La situazione di stallo che si è creata nel governo rischia di trascinare il Paese a elezioni anticipate? “Le elezioni non sono un obbiettivo sono la conseguenza del venir meno delle soluzioni che non mi pare abbondino”, sostiene Andrea Orlando nel corso di una conversazione su Twitter. Un concetto ripetuto nel pomeriggio, intervenendo a una assemblea del Pd di Parma: “Quando diciamo che il rischio elezioni è cresciuto sembra una bizza, ma non è una follia che abbiamo in testa”. Il vicesegretario risponde a chi fa notare come Goffredo Bettini, dirigente dem, non abbia più parlato di elezioni nel suo intervento all’assemblea del Pd della provincia di Roma. “Le elezioni non sono un ‘colpo di Stato’, ma l’ultima risorsa della democrazia. Se non ci sono più strade, allora si torna ai cittadini. Le elezioni non possono essere considerate un colpo di stato. Una sciagura sì, perché dobbiamo tentare di andare avanti fino all’ultimo, ma non senza decapitare il Pd“, aveva detto in mattinata Bettini. “Precipitare il Paese alle elezioni è una cosa tremenda, dobbiamo fare in modo di evitarlo, ma non si dipinga il Pd come un partito troppo responsabile – ha aggiunto-. Perché noi abbiamo esercitato una responsabilità politica”. Da segnalare che adesso parla di elezioni pure Silvio Berlusconi, che prima rinnova il suo invito per un governo di unità nazionale (“che è stata esclusa, però, dal Pd e M5S”, sottolinea), poi auspica le urne sostenendo che “una paralisi di due mesi per le elezioni farebbe meno danni rispetto ad una paralisi di due anni di non-governo”.
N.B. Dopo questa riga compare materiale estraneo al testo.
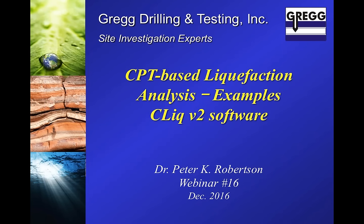Before we go into the software, I want to go through a couple of slides to remind everybody about the basic principles around liquefaction, so that when we talk about it relative to the software, you'll be reminded about what it means. Most things I'm going to say are covered in the CPT guide, which is available from a number of different websites. So just to remind ourselves of the definitions of liquefaction.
Orlando: “Cambiare Conte? Ipotesi non percorribile” – Nella sua conversazione sui social, Orlando risponde anche a un utente che sostiene: “La soluzione è togliere Conte e avreste una maggioranza ancora più larga con FI/Azione/+Europa”. “Io non credo sia vero“, scrive il vice segretario del Pd. Che all’assemblea Pd torna sul tema: “Un’altra strada che viene proposta è quella di sostituire Conte con un altro presidente del Consiglio. Ci sono ostacoli che la rendono impercorribile. Il primo è che Conte è un punto di equilibrio in una maggioranza tenuta con gli spilli. Il secondo è che non sarebbe giusto, perché riteniamo che questo governo non abbia lavorato male, e questo penso l’abbia capito anche larga parte dei nostri elettori. Io ho manifestato molte critiche a Conte, non sono un fan, ma le nostre critiche sono state sempre costruttive”. L’ex guardaasigilli poi replica alle accuse dei renziani contro l’esecutivo, colpevole dal loro punto di vista di voler allargare la maggioranza con i responsabili. “Credo ci sia una doppia valutazione, se un esponente politico passa a Italia viva dal centro moderato, dalla destra moderata, diventa un riformista. Se passa al campo politico che sostiene il governo diventa un voltagabbana, un prezzolato. Non c’è stata nessuna promessa di posti e prebende per una scelta che ritengo naturale”.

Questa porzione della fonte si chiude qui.